Print the listing below only from the line that has "Front of Vintage" through the line that has "Cubre Calzado Zapato", exactly, and drop any picture.
------ Exercise data
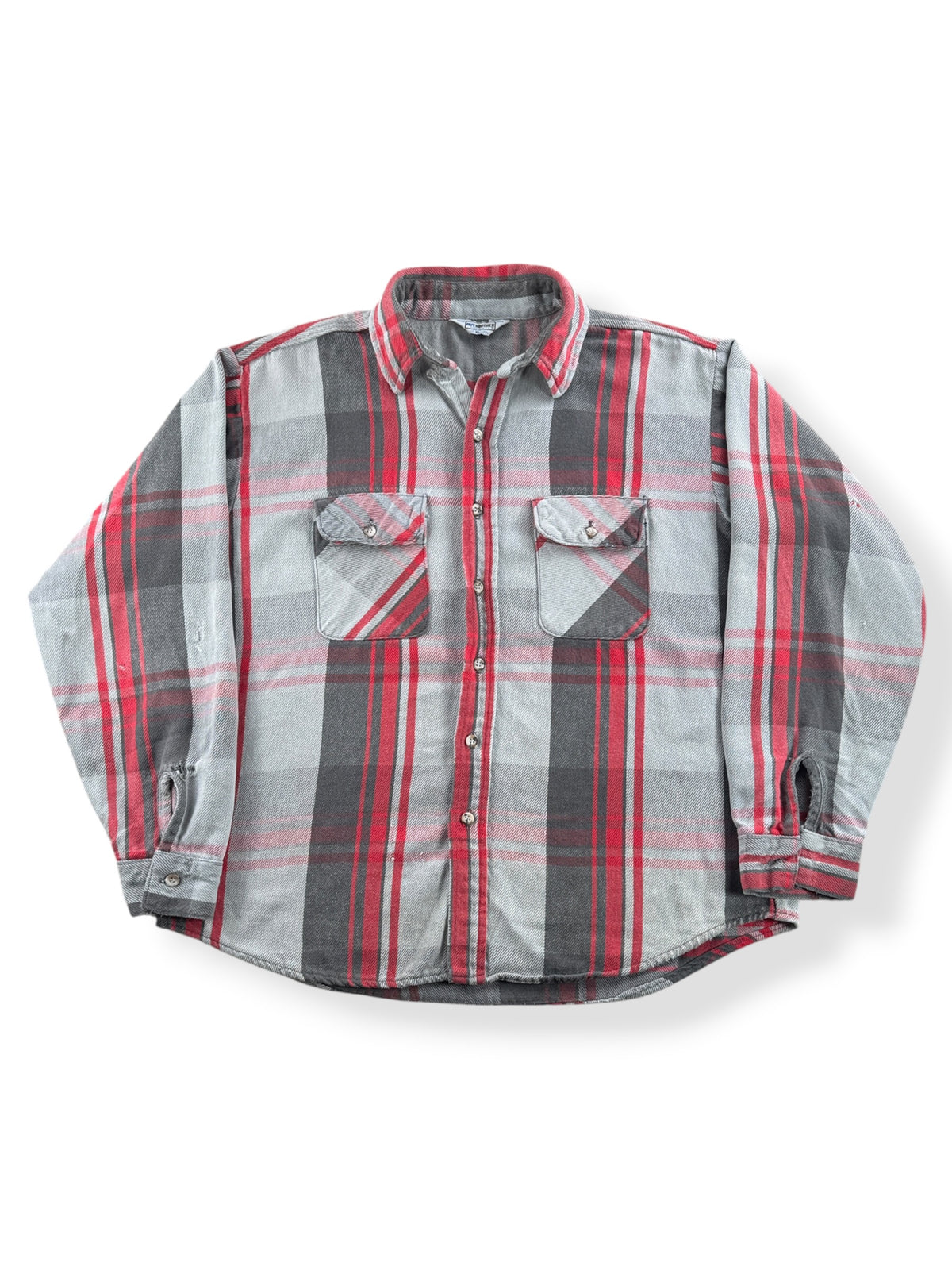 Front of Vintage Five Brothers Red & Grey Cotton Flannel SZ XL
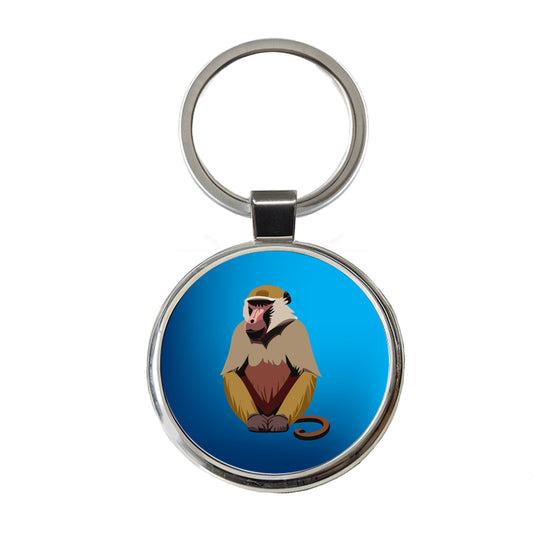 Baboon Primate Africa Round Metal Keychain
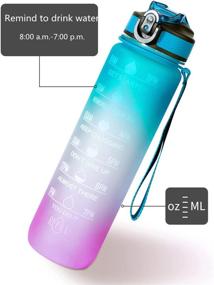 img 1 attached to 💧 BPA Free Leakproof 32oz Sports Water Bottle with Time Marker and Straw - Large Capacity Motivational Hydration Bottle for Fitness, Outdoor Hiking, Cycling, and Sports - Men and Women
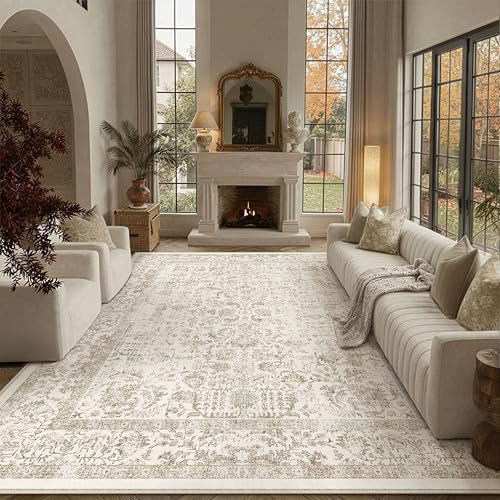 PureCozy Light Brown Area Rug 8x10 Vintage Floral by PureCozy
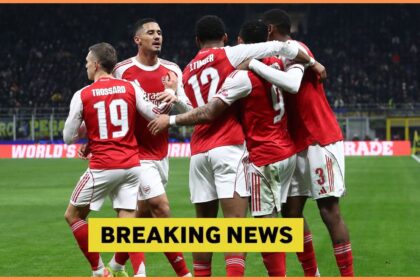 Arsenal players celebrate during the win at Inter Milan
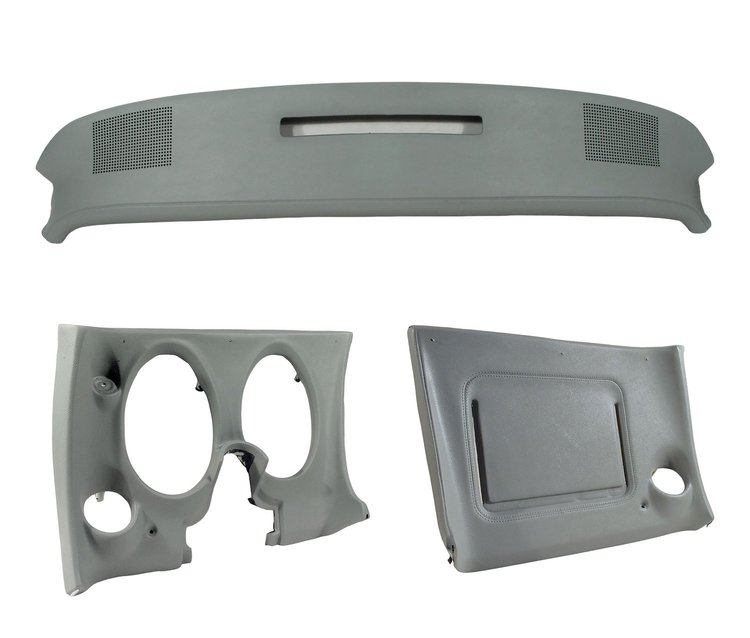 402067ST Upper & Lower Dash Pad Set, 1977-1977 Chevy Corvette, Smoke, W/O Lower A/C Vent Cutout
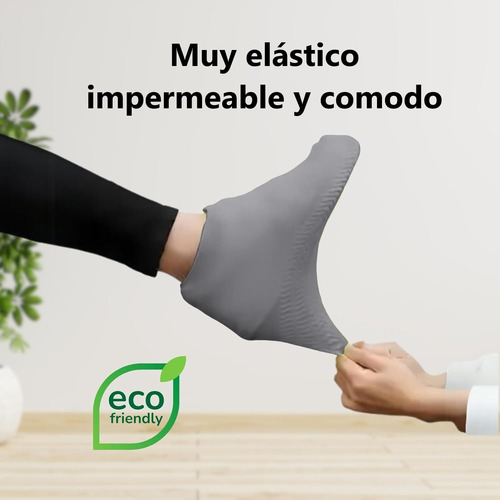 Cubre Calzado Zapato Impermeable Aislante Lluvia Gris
------------
------ Exercise data
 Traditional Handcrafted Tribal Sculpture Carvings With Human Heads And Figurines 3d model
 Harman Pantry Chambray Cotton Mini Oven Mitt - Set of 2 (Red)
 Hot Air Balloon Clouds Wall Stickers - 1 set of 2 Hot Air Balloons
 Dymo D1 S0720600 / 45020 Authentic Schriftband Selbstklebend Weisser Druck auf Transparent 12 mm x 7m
------------
» **Answer section**:
 Front of Vintage Five Brothers Red & Grey Cotton Flannel SZ XL
 Baboon Primate Africa Round Metal Keychain
 img 1 attached to 💧 BPA Free Leakproof 32oz Sports Water Bottle with Time Marker and Straw - Large Capacity Motivational Hydration Bottle for Fitness, Outdoor Hiking, Cycling, and Sports - Men and Women
 PureCozy Light Brown Area Rug 8x10 Vintage Floral by PureCozy
 Arsenal players celebrate during the win at Inter Milan
 402067ST Upper & Lower Dash Pad Set, 1977-1977 Chevy Corvette, Smoke, W/O Lower A/C Vent Cutout
 Cubre Calzado Zapato Impermeable Aislante Lluvia Gris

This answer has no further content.